I’m no Elixir guru, so take everything below with a healthy dose of skepticism and don’t take it at face value 
Elixir/Erlang are famous for their fault tolerance, but they’re not magic: if you design your project poorly it won’t continue running just because it happens to be on the BEAM.
In this case, it seems that the cause of failure was indeed poor application design. If you’re connecting to a remote service, you have to plan for “what happens when it’s unreachable or too slow?”. According to your description, it seems like the decision you made was “just let it crash”.
While that is oft repeated as part of Erlang’s design philosophy, it’s important to understand why people recommend that approach. When designing systems in OTP, it’s expected that restarting a service/process will bring them into a known good, stable state. Basically “turning off and on” which solves so many issues when technology goes bonkers.
In the case you describe, you can’t just “let it crash” because when the service restarts, the remote service you’re trying to connect to could still be unreachable. In other words, restarting your process didn’t (and couldn’t!) solve your issue at all.
Instead, it’s recommended to design with a so-called “error kernel”: a portion of the system that MUST ALWAYS be correct.

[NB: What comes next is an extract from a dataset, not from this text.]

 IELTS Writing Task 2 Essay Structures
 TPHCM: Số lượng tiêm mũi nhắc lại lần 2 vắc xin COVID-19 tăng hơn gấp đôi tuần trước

If that error kernel gets corrupted, everything should get shut down.
I your design, you basically had the connection to the third party system within your error kernel (in effect having your code say "this remote system will always be reachable), and when that wasn’t the case, the system failed.
Since that’s apparently not what you want to happen, you should instead design your system so that connecting to the third party system isn’t part of the error kernel. In other words, your processes should continue operating even if unable to reach the remote service.
One way this could be achieved is by starting a task to connect to the remote service, and shut the task down if it doesn’t return before a certain cutoff period (i.e. a timeout). Your GenServer would then either respond with {:ok, response}
if it got a response, or {:error, :service_unavailable}
if the remote service couldn’t be reached in time (either because it’s down or the response came too late). Then the client can decide what to do if the remote service is unreachable (try later, etc.).
Here is some more info on the idea of service guarantees and error kernels (note there are 4 links, I don’t know why some don’t display properly):
https://ferd.ca/it-s-about-the-guarantees.html
https://medium.com/@jlouis666/error-kernels-9ad991200abd
https://www.reactivedesignpatterns.com/patterns/error-kernel.html
Hope this helps!